- What the exercise asks
Among the lines below, copy exactly those from the one with "크롬하츠 맨투맨 상품이미지3" through the one with "Miss Read Collected", counting both ends.

Short web captions:
------------------------------------------------------------

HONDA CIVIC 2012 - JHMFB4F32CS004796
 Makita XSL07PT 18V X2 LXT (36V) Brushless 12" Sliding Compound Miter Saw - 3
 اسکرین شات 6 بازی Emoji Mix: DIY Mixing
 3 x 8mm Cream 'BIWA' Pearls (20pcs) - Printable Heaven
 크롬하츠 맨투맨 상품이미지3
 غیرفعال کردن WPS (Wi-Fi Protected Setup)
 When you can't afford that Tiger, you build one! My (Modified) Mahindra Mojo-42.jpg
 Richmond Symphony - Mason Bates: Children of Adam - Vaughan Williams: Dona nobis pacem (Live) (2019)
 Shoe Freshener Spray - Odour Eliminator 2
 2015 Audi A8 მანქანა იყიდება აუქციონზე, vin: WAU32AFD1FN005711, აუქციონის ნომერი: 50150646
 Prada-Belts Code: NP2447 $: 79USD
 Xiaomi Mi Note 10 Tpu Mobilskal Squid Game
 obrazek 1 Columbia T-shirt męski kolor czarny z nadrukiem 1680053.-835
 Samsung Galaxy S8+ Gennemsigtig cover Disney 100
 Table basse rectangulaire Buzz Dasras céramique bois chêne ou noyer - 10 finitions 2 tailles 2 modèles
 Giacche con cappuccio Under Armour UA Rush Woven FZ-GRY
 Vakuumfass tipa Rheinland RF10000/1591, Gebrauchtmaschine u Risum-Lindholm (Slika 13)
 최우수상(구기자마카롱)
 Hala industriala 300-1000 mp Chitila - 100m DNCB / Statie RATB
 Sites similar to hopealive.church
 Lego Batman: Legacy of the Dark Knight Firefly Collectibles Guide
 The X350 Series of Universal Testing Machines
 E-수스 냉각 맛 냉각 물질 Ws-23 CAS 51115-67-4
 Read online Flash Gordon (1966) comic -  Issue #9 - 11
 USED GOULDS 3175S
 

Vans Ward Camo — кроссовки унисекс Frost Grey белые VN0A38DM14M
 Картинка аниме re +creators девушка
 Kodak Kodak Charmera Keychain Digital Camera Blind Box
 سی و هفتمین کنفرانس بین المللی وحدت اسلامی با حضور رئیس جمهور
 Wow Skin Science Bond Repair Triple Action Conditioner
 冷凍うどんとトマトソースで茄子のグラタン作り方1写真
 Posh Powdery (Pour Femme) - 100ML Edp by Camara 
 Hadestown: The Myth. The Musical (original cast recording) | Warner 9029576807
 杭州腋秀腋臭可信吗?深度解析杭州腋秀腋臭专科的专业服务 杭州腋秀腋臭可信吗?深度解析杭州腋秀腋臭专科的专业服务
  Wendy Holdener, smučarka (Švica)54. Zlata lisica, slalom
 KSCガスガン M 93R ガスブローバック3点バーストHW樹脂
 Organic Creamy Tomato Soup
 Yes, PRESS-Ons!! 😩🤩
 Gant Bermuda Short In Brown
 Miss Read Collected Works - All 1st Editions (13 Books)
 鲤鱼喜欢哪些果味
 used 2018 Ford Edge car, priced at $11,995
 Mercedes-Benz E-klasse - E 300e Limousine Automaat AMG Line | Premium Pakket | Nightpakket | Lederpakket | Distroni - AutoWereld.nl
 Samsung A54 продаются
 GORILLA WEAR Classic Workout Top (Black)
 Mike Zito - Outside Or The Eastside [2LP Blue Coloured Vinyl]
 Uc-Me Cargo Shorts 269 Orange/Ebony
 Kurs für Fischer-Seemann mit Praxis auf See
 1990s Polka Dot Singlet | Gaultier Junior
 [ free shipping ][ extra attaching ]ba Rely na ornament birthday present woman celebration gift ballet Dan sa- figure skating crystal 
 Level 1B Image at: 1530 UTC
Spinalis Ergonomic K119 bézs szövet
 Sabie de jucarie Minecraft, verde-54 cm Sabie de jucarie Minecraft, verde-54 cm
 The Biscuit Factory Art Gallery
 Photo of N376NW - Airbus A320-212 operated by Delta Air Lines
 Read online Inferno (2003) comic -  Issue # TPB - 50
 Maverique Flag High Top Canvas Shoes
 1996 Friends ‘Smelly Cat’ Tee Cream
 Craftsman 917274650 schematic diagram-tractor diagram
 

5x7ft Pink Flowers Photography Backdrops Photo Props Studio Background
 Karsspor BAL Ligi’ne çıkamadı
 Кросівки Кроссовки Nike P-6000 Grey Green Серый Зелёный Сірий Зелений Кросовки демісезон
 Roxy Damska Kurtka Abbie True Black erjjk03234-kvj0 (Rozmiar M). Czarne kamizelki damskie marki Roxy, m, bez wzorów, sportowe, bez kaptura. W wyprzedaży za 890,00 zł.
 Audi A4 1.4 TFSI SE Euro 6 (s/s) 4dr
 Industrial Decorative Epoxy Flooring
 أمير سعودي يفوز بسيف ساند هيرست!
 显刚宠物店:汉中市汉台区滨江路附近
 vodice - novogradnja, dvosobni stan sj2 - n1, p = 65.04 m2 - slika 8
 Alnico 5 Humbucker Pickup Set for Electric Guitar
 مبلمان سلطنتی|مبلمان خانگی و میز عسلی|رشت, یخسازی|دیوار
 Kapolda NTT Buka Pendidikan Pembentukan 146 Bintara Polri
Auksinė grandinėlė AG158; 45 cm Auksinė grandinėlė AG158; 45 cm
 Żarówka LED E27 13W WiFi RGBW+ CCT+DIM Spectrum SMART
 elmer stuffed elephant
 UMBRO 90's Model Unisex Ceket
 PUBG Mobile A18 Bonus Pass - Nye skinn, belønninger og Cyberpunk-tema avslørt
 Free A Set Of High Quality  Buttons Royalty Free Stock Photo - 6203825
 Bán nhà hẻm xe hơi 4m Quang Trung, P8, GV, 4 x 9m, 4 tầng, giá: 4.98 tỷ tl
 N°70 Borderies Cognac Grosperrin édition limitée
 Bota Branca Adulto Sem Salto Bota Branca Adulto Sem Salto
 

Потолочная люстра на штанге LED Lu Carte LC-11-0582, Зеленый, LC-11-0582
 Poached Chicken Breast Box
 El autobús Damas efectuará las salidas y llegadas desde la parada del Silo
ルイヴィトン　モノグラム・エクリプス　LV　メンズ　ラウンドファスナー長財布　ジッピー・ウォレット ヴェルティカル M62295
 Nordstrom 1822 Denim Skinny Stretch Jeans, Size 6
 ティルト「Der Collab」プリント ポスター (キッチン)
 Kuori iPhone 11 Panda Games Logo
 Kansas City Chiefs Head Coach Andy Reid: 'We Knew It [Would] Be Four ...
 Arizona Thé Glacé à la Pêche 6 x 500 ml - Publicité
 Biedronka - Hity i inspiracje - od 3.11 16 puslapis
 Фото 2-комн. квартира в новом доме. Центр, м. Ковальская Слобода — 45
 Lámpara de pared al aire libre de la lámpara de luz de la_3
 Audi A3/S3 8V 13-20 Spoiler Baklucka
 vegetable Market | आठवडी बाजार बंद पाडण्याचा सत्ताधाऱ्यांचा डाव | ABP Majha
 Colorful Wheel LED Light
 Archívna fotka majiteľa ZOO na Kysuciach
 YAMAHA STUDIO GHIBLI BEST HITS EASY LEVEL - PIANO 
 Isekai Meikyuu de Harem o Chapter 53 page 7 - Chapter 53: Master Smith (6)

------------------------------------------------------------

- Task response
 크롬하츠 맨투맨 상품이미지3
 غیرفعال کردن WPS (Wi-Fi Protected Setup)
 When you can't afford that Tiger, you build one! My (Modified) Mahindra Mojo-42.jpg
 Richmond Symphony - Mason Bates: Children of Adam - Vaughan Williams: Dona nobis pacem (Live) (2019)
 Shoe Freshener Spray - Odour Eliminator 2
 2015 Audi A8 მანქანა იყიდება აუქციონზე, vin: WAU32AFD1FN005711, აუქციონის ნომერი: 50150646
 Prada-Belts Code: NP2447 $: 79USD
 Xiaomi Mi Note 10 Tpu Mobilskal Squid Game
 obrazek 1 Columbia T-shirt męski kolor czarny z nadrukiem 1680053.-835
 Samsung Galaxy S8+ Gennemsigtig cover Disney 100
 Table basse rectangulaire Buzz Dasras céramique bois chêne ou noyer - 10 finitions 2 tailles 2 modèles
 Giacche con cappuccio Under Armour UA Rush Woven FZ-GRY
 Vakuumfass tipa Rheinland RF10000/1591, Gebrauchtmaschine u Risum-Lindholm (Slika 13)
 최우수상(구기자마카롱)
 Hala industriala 300-1000 mp Chitila - 100m DNCB / Statie RATB
 Sites similar to hopealive.church
 Lego Batman: Legacy of the Dark Knight Firefly Collectibles Guide
 The X350 Series of Universal Testing Machines
 E-수스 냉각 맛 냉각 물질 Ws-23 CAS 51115-67-4
 Read online Flash Gordon (1966) comic -  Issue #9 - 11
 USED GOULDS 3175S
 

Vans Ward Camo — кроссовки унисекс Frost Grey белые VN0A38DM14M
 Картинка аниме re +creators девушка
 Kodak Kodak Charmera Keychain Digital Camera Blind Box
 سی و هفتمین کنفرانس بین المللی وحدت اسلامی با حضور رئیس جمهور
 Wow Skin Science Bond Repair Triple Action Conditioner
 冷凍うどんとトマトソースで茄子のグラタン作り方1写真
 Posh Powdery (Pour Femme) - 100ML Edp by Camara 
 Hadestown: The Myth. The Musical (original cast recording) | Warner 9029576807
 杭州腋秀腋臭可信吗?深度解析杭州腋秀腋臭专科的专业服务 杭州腋秀腋臭可信吗?深度解析杭州腋秀腋臭专科的专业服务
  Wendy Holdener, smučarka (Švica)54. Zlata lisica, slalom
 KSCガスガン M 93R ガスブローバック3点バーストHW樹脂
 Organic Creamy Tomato Soup
 Yes, PRESS-Ons!! 😩🤩
 Gant Bermuda Short In Brown
 Miss Read Collected Works - All 1st Editions (13 Books)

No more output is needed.